Re: libpq compression

From: Robbie Harwood <rharwood(at)redhat(dot)com>
To: Konstantin Knizhnik <k(dot)knizhnik(at)postgrespro(dot)ru>, Thomas Munro <thomas(dot)munro(at)enterprisedb(dot)com>
Cc: Grigory Smolkin <g(dot)smolkin(at)postgrespro(dot)ru>, PostgreSQL Hackers <pgsql-hackers(at)lists(dot)postgresql(dot)org>
Subject: Re: libpq compression
Date: 2018-06-20 20:34:10
Message-ID: jlgo9g5qjst.fsf@redhat.com
Views: Raw Message | Whole Thread | Download mbox | Resend email
Thread:
Lists: pgsql-hackers

Konstantin Knizhnik <k(dot)knizhnik(at)postgrespro(dot)ru> writes:

> On 20.06.2018 00:04, Robbie Harwood wrote:
>> Konstantin Knizhnik <k(dot)knizhnik(at)postgrespro(dot)ru> writes:
>>> On 18.06.2018 23:34, Robbie Harwood wrote:
>>>
>>>> I also don't like that you've injected into the *startup* path -
>>>> before authentication takes place. Fundamentally, authentication
>>>> (if it happens) consists of exchanging some combination of short
>>>> strings (e.g., usernames) and binary blobs (e.g., keys). None of
>>>> this will compress well, so I don't see it as worth performing this
>>>> negotiation there - it can wait. It's also another message in
>>>> every startup. I'd leave it to connection parameters, personally,
>>>> but up to you.
>>>
>>> From my point of view compression of libpq traffic is similar with
>>> SSL and should be toggled at the same stage.
>>
>> But that's not what you're doing. This isn't where TLS gets toggled.
>>
>> TLS negotiation happens as the very first packet: after completing
>> the TCP handshake, the client will send a TLS negotiation request.
>> If it doesn't happen there, it doesn't happen at all.
>>
>> (You *could* configure it where TLS is toggled. This is, I think,
>> not a good idea. TLS encryption is a probe: the server can reject
>> it, at which point the client tears everything down and connects
>> without TLS. So if you do the same with compression, that's another
>> point of tearing down an starting over. The scaling on it isn't good
>> either: if we add another encryption method into the mix, you've
>> doubled the number of teardowns.)
>
> Yes, you are right. There is special message for enabling TLS
> procotol. But I do not think that the same think is needed for
> compression. This is why I prefer to specify compression in
> connectoin options. So compression may be enabled straight after
> processing of startup package. Frankly speaking I still do no see
> reasons to postpone enabling compression till some later moment.

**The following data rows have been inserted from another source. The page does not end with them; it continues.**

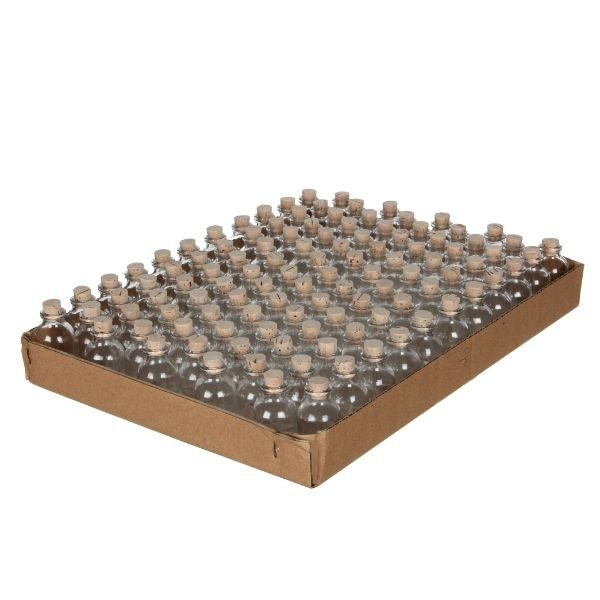 Glasflaska Mini med kork 20ml 6cm hög Ø 3 cm (bricka med 105 st) [IFS-28075]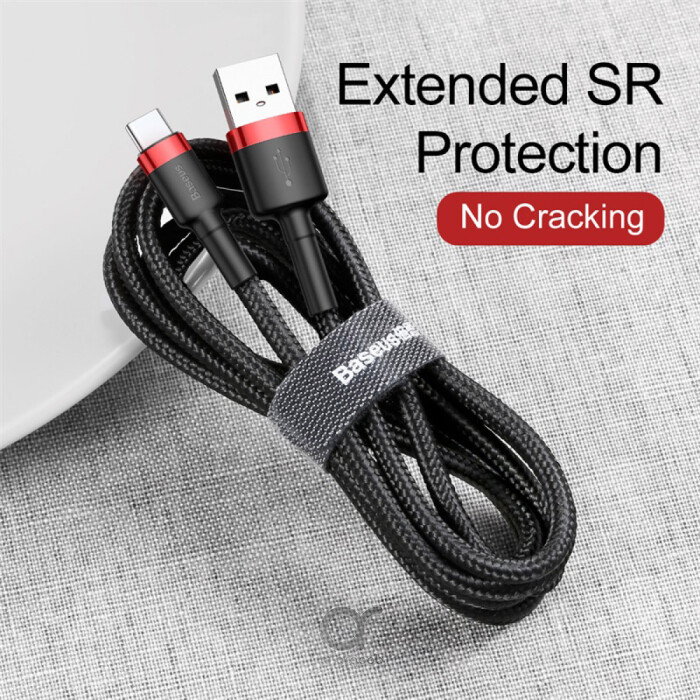 Baseus Cafule Series USB-A to Type-C Cable - 2A Fast Charging & 480Mbps High-Speed Data Transfer, Nylon Braided, 2M - Black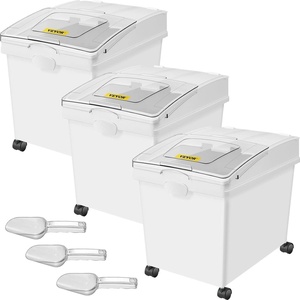 image:imageVEVOR Rice Storage Container 45Gallon20L x2 Capacity Large Dog Food Dispenser Bin Kitchen Ingredient Grain Cereal Flour Bin Pet food Containers with Wheels 2 Measuring Cups Airtight Lid 2 Pack105 Gallon 3 Set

I'm arguing for connection option only (with no additional negotiation
round-trip). See below.

>>> Definitely authentication parameter are not so large to be
>>> efficiently compressed, by compression (may be in future password
>>> protected) can somehow protect this data. In any case I do not
>>> think that compression of authentication data may have any influence
>>> on negotiation speed. So I am not 100% sure that toggling
>>> compression just after receiving startup package is the only right
>>> solution. But I am not also convinced in that there is some better
>>> place where compressor should be configured. Do you have some
>>> concrete suggestions for it? In InitPostgres just after
>>> PerformAuthentication ?
>>
>> Hmm, let me try to explain this differently.
>>
>> pq_configure() (as you've called it) shouldn't send a packet. At its
>> callsite, we *already know* whether we want to use compression -
>> that's what the port->use_compression option says. So there's no
>> point in having a negotiation there - it's already happened.
>
> My idea was the following: client want to use compression. But server
> may reject this attempt (for any reasons: it doesn't support it, has
> no proper compression library, do not want to spend CPU for
> decompression,...) Right now compression algorithm is hardcoded. But
> in future client and server may negotiate to choose proper compression
> protocol. This is why I prefer to perform negotiation between client
> and server to enable compression.

Well, for negotiation you could put the name of the algorithm you want
in the startup. It doesn't have to be a boolean for compression, and
then you don't need an additional round-trip.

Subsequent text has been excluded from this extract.